How Do I Know If I Have Epilepsy?
To decide if your "spells" are seizures, your doctor will:
- Take a detailed medical history (including a family history of seizures).
- Gather information about your behavior before, during, and after the episode. It is very important to have someone with you who witnessed the episode and can describe it to the doctor.
- Do a physical exam
These are tests that may be done:
- An electroencephalogram (EEG) to identify any abnormal electrical misfiring in the brain and help predict the risk of future seizures
- Brain imaging tests such as an MRI or CT scan to help narrow down a possible treatable cause
- A spinal tap if an infectious cause, such as meningitis, is suspected
What Are the Treatments for Seizures?
When a specific cause of the seizure is identified -- such as infection or low blood sugar -- treatment of that underlying condition often prevents seizures from recurring. If the underlying cause is not fully treatable or is unknown, treatment with anti-seizure (anticonvulsant) medications may be recommended.
Medications for Epilepsy
Anticonvulsant drugs can eliminate or reduce recurrent seizures. The choice of medication is based on the specific seizure type and pattern. Often, a single drug is used, but sometimes a combination may be necessary. Anticonvulsant drugs include:
- Eslicarbazepine acetate (Aptiom)
- Carbamazepine (Tegretol)
- Divalproex sodium (Depakote)
- Fycompa (Perampanel)
- Gabapentin (Neurontin)
- Lacosamide (Vimpat)
- Lamotrigine (Lamictal)
- Levetiracetam (Keppra)
- Oxcarbazepine (Trileptal)
- Oxteller XR (oxcarbazepine)
- Phenytoin (Dilantin)
- Pregabalin (Lyrica)
- Primidone (Mysoline)
- Tiagabine (Gabitril)
- Topiramate (Topamax)
- Valproic acid (Depakene)
- Vigabatrin (Sabril)
- Zonisamide (Zonegran)
For some drugs, your doctor may test your blood to check that you have the right amount of medication in your blood so that it is reaching your brain. Blood tests can also make sure drugs are not affecting your kidneys or liver. Some people may be able to stop taking medication once their seizures have been under control for at least a year.

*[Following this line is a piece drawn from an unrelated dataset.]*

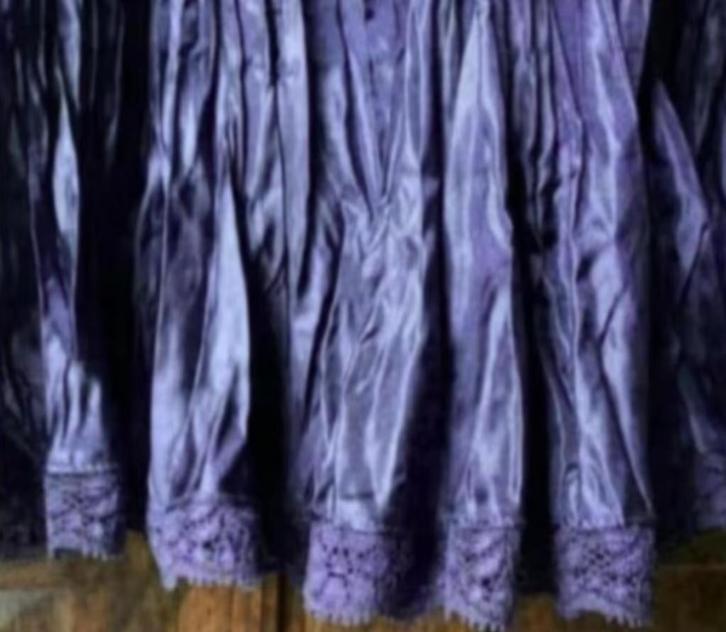 Blauwe rok met onderaan kant; In Linea; maat 40; 80 cm lang, Kleding | Dames, Rokken, Zo goed als nieuw, Maat 38/40 (M), Blauw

Surgery and Other Procedures for Seizures
Doctors may suggest surgery for the few patients whose seizures can't be controlled with medications. In vagus nerve stimulation, a device that electronically stimulates the vagus nerve (which controls activity between the brain and major internal organs) is implanted under the skin in the neck. This reduces seizure activity in some patients with partial seizures.
There’s also the responsive neurostimulation device (RNS), which consists of a small neurostimulator implanted within the skull under the scalp. The neurostimulator is connected to one or two wires (called electrodes) that are placed where the seizures are suspected to originate within the brain or on the surface of the brain. The device detects abnormal electrical activity in the area and delivers electrical stimulation to normalize brain activity before seizure symptoms begin.
Surgery may be recommended for the minority of patients whose seizures can't be controlled with medications. The most successful procedures are those in which the diseased area of the brain is identified and can be removed. There are other surgeries that involve disconnecting pathways between parts of the brain to prevent the seizure from spreading.
Diet and Lifestyle
Stress may increase seizure activity in certain individuals. Relaxation techniques, biofeedback, and yoga may be helpful when used with medications. A diet known as the ketogenic diet is used with some children -- but only under strict supervision. This diet has helped some children with seizures.